Something may be wrong in your understanding of MCS. If you want to compare loss functions, your input should be T by m where m is the number of models and T is the sample size. For example, to use MCS with qlik losses, you compute the loss for each time period for each model.

I use MCS to compare three time series models. I calculate the loss functions of the model every 22 days as a sample, then I get several samples in a longer interval, and then I use these samples to compare. This problem also occurs when the input shape is (24, 3) or other times.

bashtage commented 1 year ago

When it fails, will it always fail with the same data?

loooomii commented 1 year ago

I tested my models with the same data, but because two of the models were a bit random, the results of the calculated loss function were not the same each time.

I ran the case twice more where the shape of the input loss was (1,3). Even though the values of the input loss are not exactly the same both times, the error is in the same place.

Here is the data information of where the error occurred this time.

qlike :[[0.38443391 0.56317765 0.49531343]] type :<class 'numpy.ndarray'> shape :(1, 3)
mse :[[0.10918251 0.14925831 0.53674966]] type :<class 'numpy.ndarray'> shape :(1, 3)
mae :[[0.27002907 0.31174622 0.49793814]] type :<class 'numpy.ndarray'> shape :(1, 3)
mape :[[0.45228915 0.71662962 0.4635835 ]] type :<class 'numpy.ndarray'> shape :(1, 3)
smape :[[56.47898975 64.50894961 65.16465342]] type :<class 'numpy.ndarray'> shape :(1, 3)
qlike :[[0.38443391 0.39939706 0.2619653 ]] type :<class 'numpy.ndarray'> shape :(1, 3)
mse :[[0.10918251 0.12636466 0.35217552]] type :<class 'numpy.ndarray'> shape :(1, 3)
mae :[[0.27002907 0.27632961 0.35660937]] type :<class 'numpy.ndarray'> shape :(1, 3)
mape :[[ 0.45228915  0.43890637 16.10352968]] type :<class 'numpy.ndarray'> shape :(1, 3)
smape :[[56.47898975 56.12104852 59.04854384]] type :<class 'numpy.ndarray'> shape :(1, 3)

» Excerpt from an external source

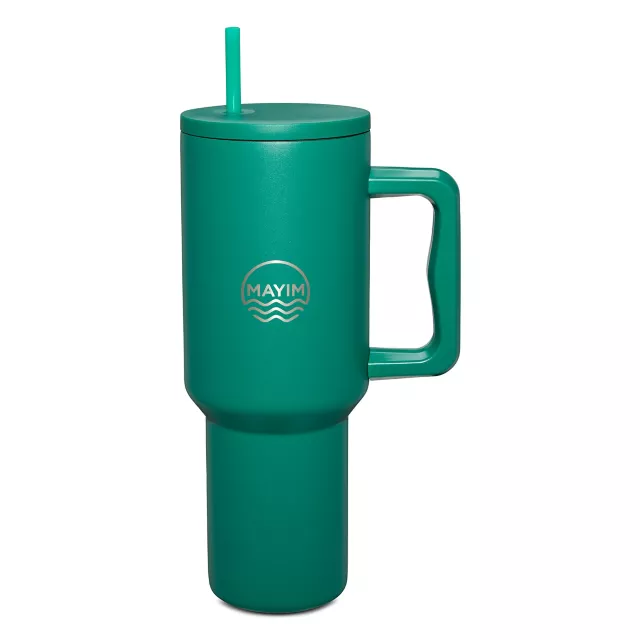 Mayim Green Travel Tumbler With Straw - 40 oz. at Spencer's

They succeeded with mse and mae, but there was an error with qlike.

bashtage commented 1 year ago

I found the issue. This was happening because there were ties when removing models. For what is it is worth, it is never valid to use MCS with a single loss as you did above. MCS will now warn in this case and related cases.